Just a quick entry. . . my workload has increased considerably just in the last 24 hours, so I need to get crackin'.
J and I met for dinner last night, as planned. It was a four-hour dinner; we were literally two of the last patrons in the restaurant. I am still immensely enjoying his company. I actually think I enjoy him more now than I did back in college. . . simply because in college a lot of my energy when we were together was focused on trying to impress him and be the woman I thought he wanted. Now I'm just me, so it frees up my focus to really listen to what he has to say on a deeper level.
We talked about all sorts of things (as you might expect, in over four hours!): incidents from the past, what we each have going on in our lives now (school for him, new job for me), past relationships, parents, religion. I love his laugh and the sound of his voice; I love his views of life (even when we don't agree); and I love the way he really listens to what I tell him. I had kind-of forgotten what a good listener he is.

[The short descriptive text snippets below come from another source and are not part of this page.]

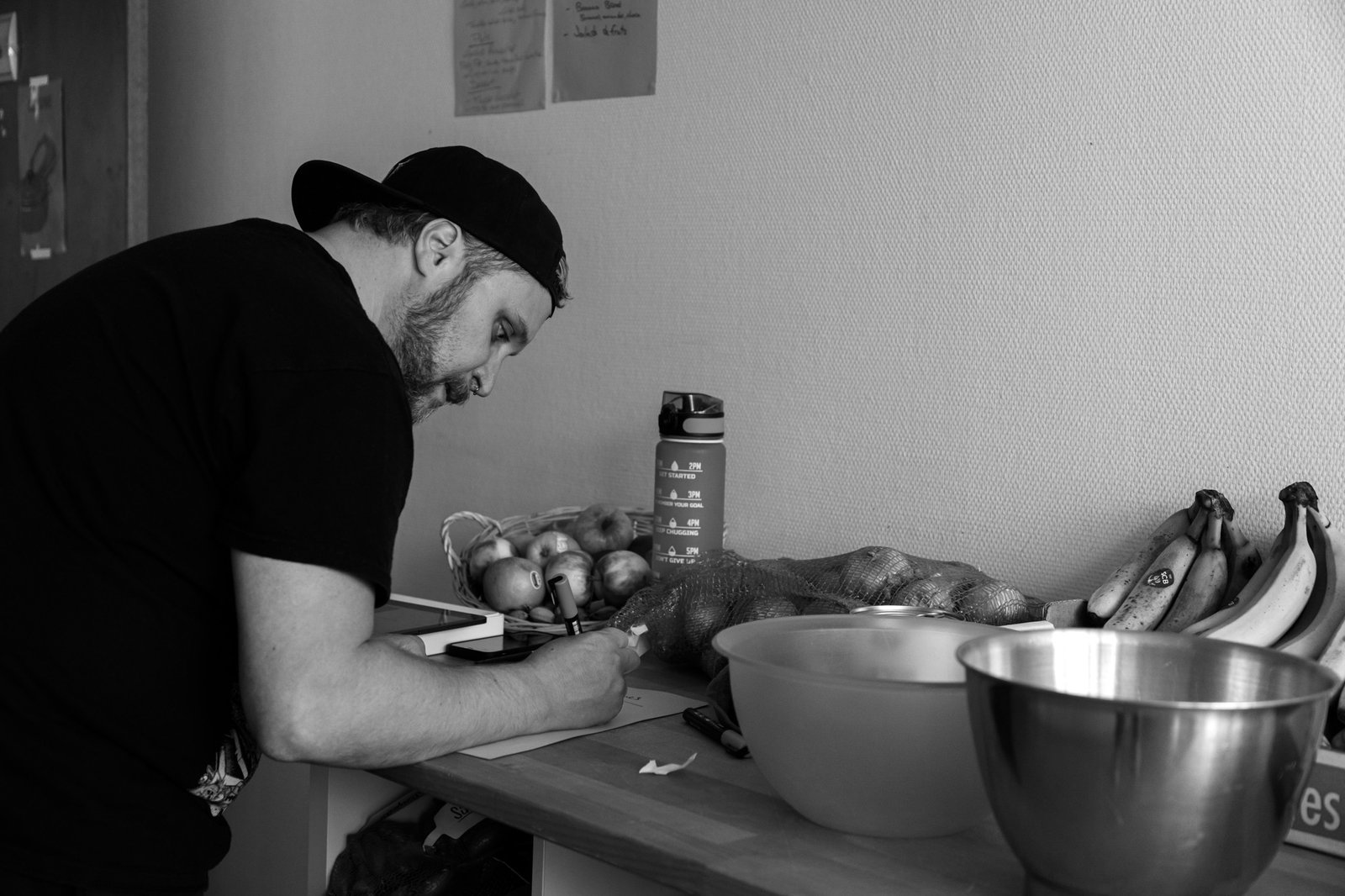 festival-les-lunatiques-J1-marie-production-20251002-263-27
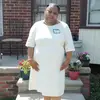 Yvette Byrd - @yvette.byrd0 - TikTok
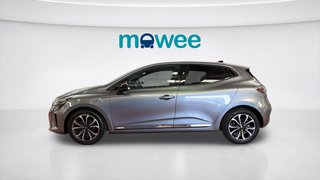 Renault CLIO Renault Clio Techno TCe 90 (67kw) (2023) Berlina Con Portón - Gasolina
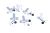 9178040928 C00924545 INSTALLATION ACCESSORIES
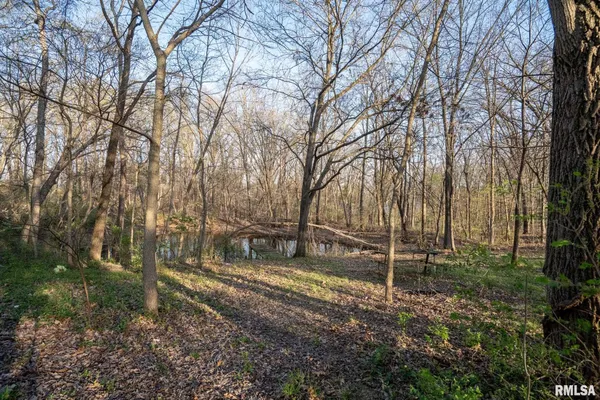 $160,000 | 685 1750 North, Galatia, IL 62935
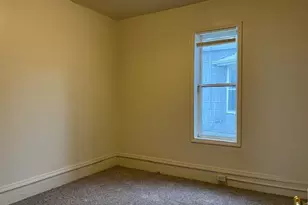 1235 Quarry Ave NW, Grand Rapids, MI 49504 - Photo 12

I would say thathere is still some sexual tension between us. . . but, having said that, he has given me no indication that he wants anything more than friendship. Frankly, given everything that each of us has going on in our lives right now, I think a close friendship between us is preferable in many ways to anything romantic. So I am happy with the tone of things as they are. In the interest of full disclosure, let me clarify: that is NOT to say that I wouldn't--someday--want "more" with him or that I don't desire him. On the contrary. But I am happy with the way things are going for right now.
All in all, I am really enjoying talking with him and hanging out. And I hope nothing happens to ruin it.
Gotta get to work. And I have to move tomorrow. Ugh. Well, at least after tomorrow, I will truly be living here in Phoenix. . . . .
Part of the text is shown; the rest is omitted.